2024-01-15T12:07:47.402Z

Highlights: Immigration, opioids, Ukraine, wokism... These are the issues that will mark the US presidential campaign. Le Figaro has listed eight major themes that will determine the campaign of the two candidates in the November 2024 election in the United States. The race for the U.S. presidential election officially begins on Monday, January 15 with the Iowa caucus, and certain topics are already at the heart of the speeches of Donald Trump and Joe Biden. Donald Trump is widely favored on the Republican side, while Joe Biden is expected to be the Democratic candidate.


DECRYPTION - Le Figaro has listed eight major themes that will determine the campaign of the two candidates in the November 2024 election in the United States.


As the race for the U.S. presidential election officially begins on Monday, January 15 with the Iowa caucus, certain topics are already at the heart of the speeches of former U.S. President Donald Trump, who is widely favored on the Republican side, and current President Joe Biden, who is expected to be the Democratic candidate. From illegal immigration to gun violence, Le Figaro looks back at the eight key themes that will punctuate the campaign between now and the election on 5 November.

The fight against immigration

In this aerial view, a group of more than 1000,18 immigrants make their way to a U.S. Border Patrol processing center after crossing the Rio Grande from Mexico, Dec. 2023, <>, in Eagle Pass, Texas. JOHN MOORE / AFP

Immigration is already a key issue in the presidential campaign: in 2023, 2.5 million migrants crossed the border into the United States, including a record 300,000 in December. President Biden is facing mounting pressure from congressional Republicans who want to see concrete measures put in place to curb the influx.

For more than a year, Republicans have reiterated their desire to initiate impeachment proceedings against Biden's Secretary of Homeland Security, Alejandro Mayorkas, who is accused of willfully failing to tighten immigration restrictions. On January 3, Mike Johnson, the new Speaker of the House of Representatives, and about <> Republicans traveled to Eagle Pass in Texas, a notorious migrant transit point on the border with Mexico, to pressure Biden and the need for stricter border security policies.

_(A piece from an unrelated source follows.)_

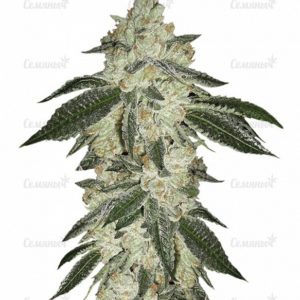 Семена сорта Wild Thailand Ryder auto (World of Seeds)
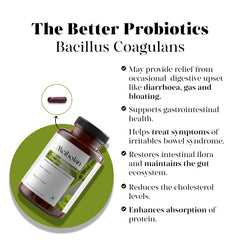 Digestive health infographic featuring MEIBOTAN Bacillus Coagulans.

Read alsoU.S. Presidential 2024: Joe Biden and Donald Trump launch a poisonous campaign

At the heart of the debate is the question of a profound overhaul of the immigration system: any asylum procedure in the United States allows asylum seekers to remain in the country while the courts decide, which can take years. A debate on which the favorite Republican candidate did not fail to capitalize, declaring that illegal immigrants "poison and destroy the blood of our country" during a campaign event on December 19. In response, Joe Biden's campaign team compared Trump's remarks in an email to those of Adolf Hitler or Mussolini. "I haven't read Mein Kampf!" the former president defended himself, without ceasing to vilify immigrants.

Aid to Ukraine's and Israel's war efforts

Ukrainian President Volodymyr Zelensky answers a question during a joint press conference with U.S. President Joe Biden in Washington, Dec. 12, 2023. MANDEL NGAN / AFP

The issue of immigration is inextricably linked to that of U.S. aid to Ukraine: congressional Republicans announced in early January that they would not approve the new package of more than $60 billion in aid that the White House wants to grant to Kiev and the $14 billion planned to finance the arming of Israel until the government implements a policy of tighter security restrictions on the border.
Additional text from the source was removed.